What the task asks:
Write out all the data verbatim. Skip images.

Supplied material:
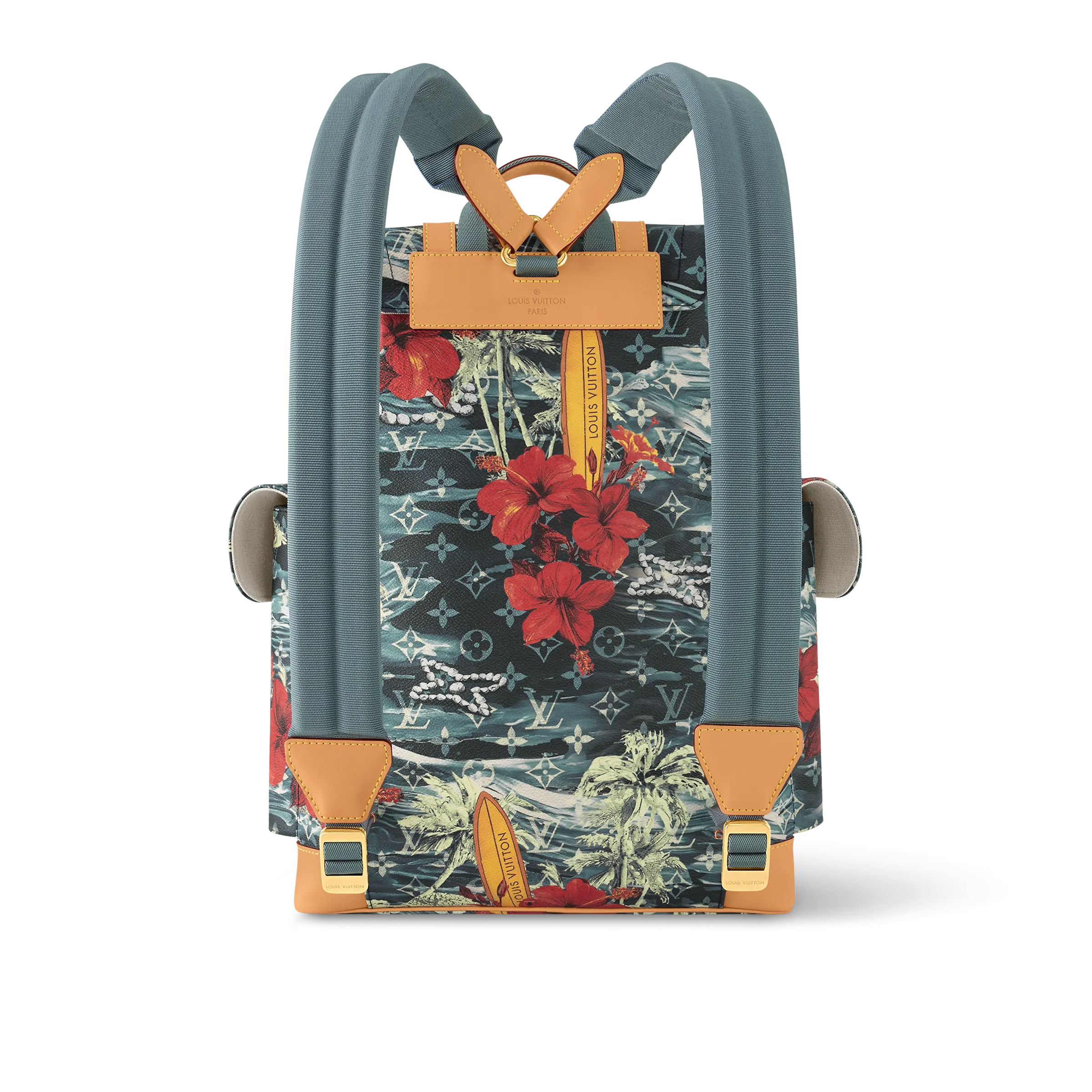 Christopher MM Backpack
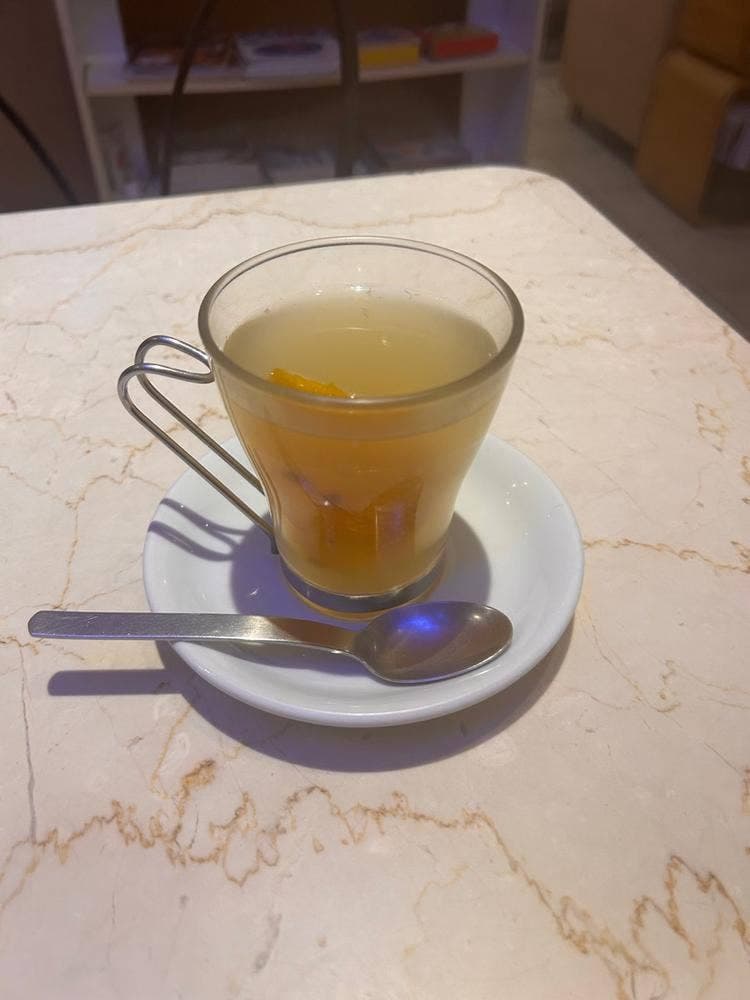 カフェ モニ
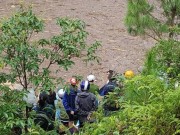 Tin tức - Thi thể bé gái trôi dạt trên hồ thủy điện sau trận lũ quét kinh hoàng tại Yên Bái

Completed exercise:
 Christopher MM Backpack
 カフェ モニ
 Tin tức - Thi thể bé gái trôi dạt trên hồ thủy điện sau trận lũ quét kinh hoàng tại Yên Bái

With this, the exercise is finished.